4. Now, we need to dive into the world of every individual point.
   1. The first point has to choose $n$ points from remaining $k+n-1$ , that makes $\displaystyle \binom{k+n-1}{n}$ clusters
   2. The second point will have to choose $n$ points from remaining $k+n-2$ points. (Because we are not dealing with the first one again.) That makes $\displaystyle \binom{k+n-2}{n}$ clusters.
   3. And this goes on till the last point has exactly $n$ points remaining to choose from. Hence$\displaystyle \binom{n}{n}$ cluster(s).
5. Thus in total we have these many ways: $\displaystyle \binom{k+n-1}{n} +\binom{k+n-2}{n} +\binom{k+n-3}{n} +\ldots +\binom{n}{n}\tag*{}$ Flipping the series in (5) and equating with (3): $\displaystyle \binom{n}{n} +\binom{n+1}{n} +\binom{n+2}{n} +\ldots +\binom{n+k-1}{n} =\binom{n+k}{n+1}\tag*{} $ $\displaystyle \text{or, }\sum _{i=0}^{k-1}\binom{n+i}{n} =\binom{n+k}{n+1}\tag*{} $ $\displaystyle \text{i.e., }\boxed{\sum _{i=0}^{k-1}\binom{n+i}{i} =\binom{n+k}{k-1}}\tag*{} $

Take $k=k'+1$ and $n=n'-2$. $\blacksquare$

Answer 3

Combinatorial Proof: Suppose we have n objects in set $S = \{1, 2, \cdots, n\}$.

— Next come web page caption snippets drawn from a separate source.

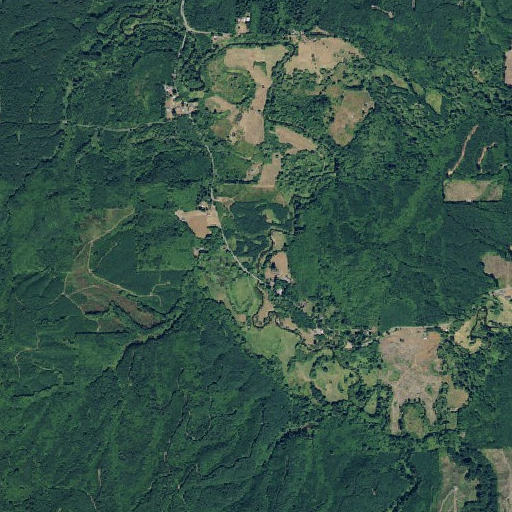 Aerial imagery of Alder Creek, WA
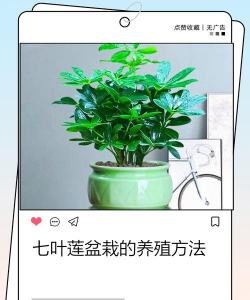 荷叶怎么种植方法家养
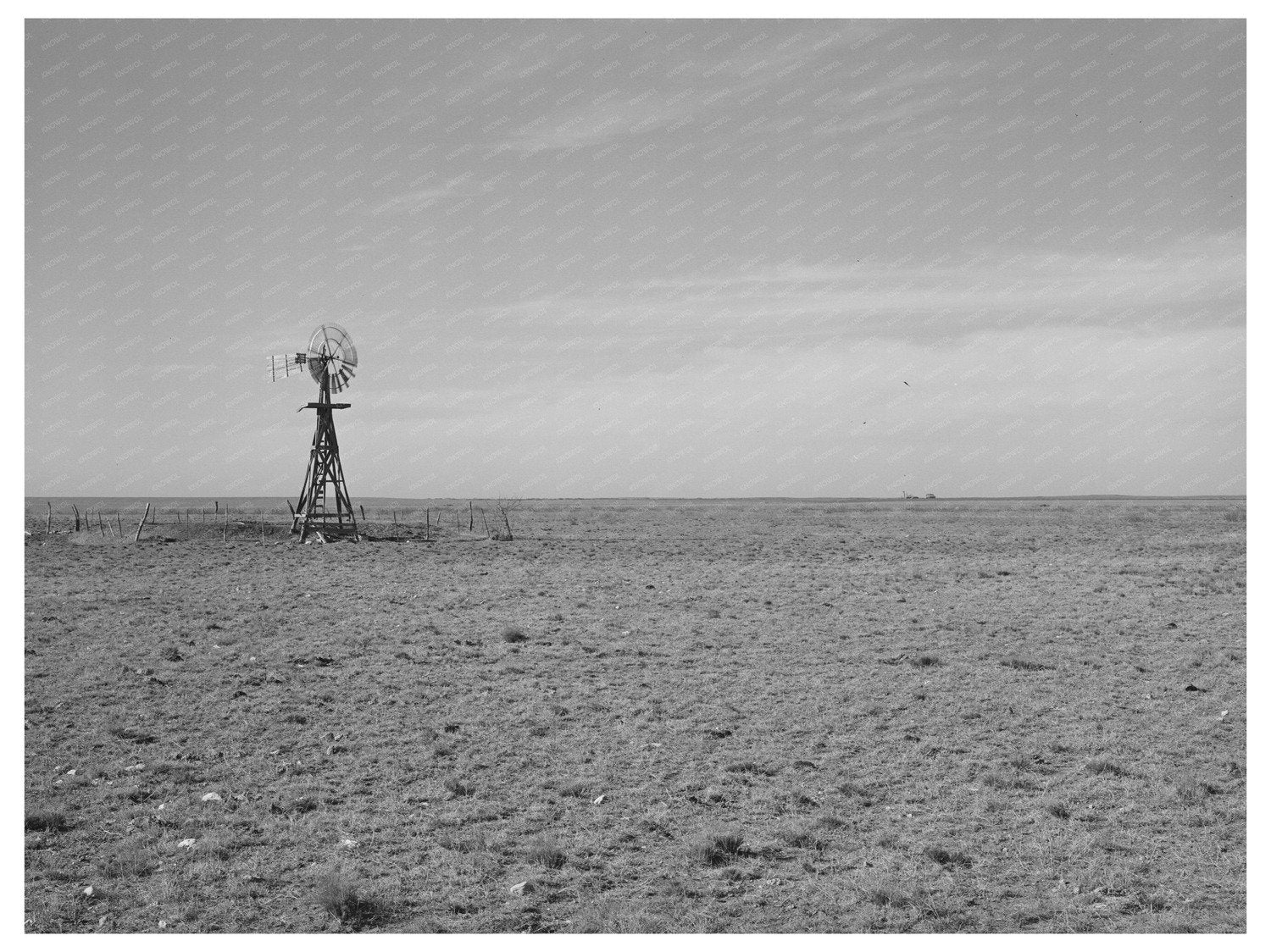 Vintage Windmill Farmstead Gaines County Texas March 1940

LHS: $\left(\!\!\binom{n}{k}\!\!\right)$ is the number of $k$-subsets from $S$ with repeats (by definition of multichoose).

RHS: We consider the number of occurrences of $n$ in a k-subset of $S$.

• If $n$ is not in the subset, we have $\left(\!\!\binom{n-1}{k}\!\!\right)$ such subsets since we create a $k$-subset from all objects except $n$.

• If $n$ is in the subset once, we have $\left(\!\!\binom{n-1}{k-1}\!\!\right)$ such subsets since we have $k-1$ spots remaining in the subset.

• If $n$ is in the subset twice, we have $\left(\!\!\binom{n-1}{k-2}\!\!\right)$ such subsets.

  $\vdots$

• If $n$ is in the subset $n$ times, we have $\left(\!\!\binom{n-1}{0}\!\!\right) = 1$ such subsets since no spots remain.

Thus, $\sum_{i=0}^k \left(\!\!\binom{n-1}{i}\!\!\right)$ represents all such cases when $n$ is in the k-subset $0, 1, 2, \cdots, n$ times.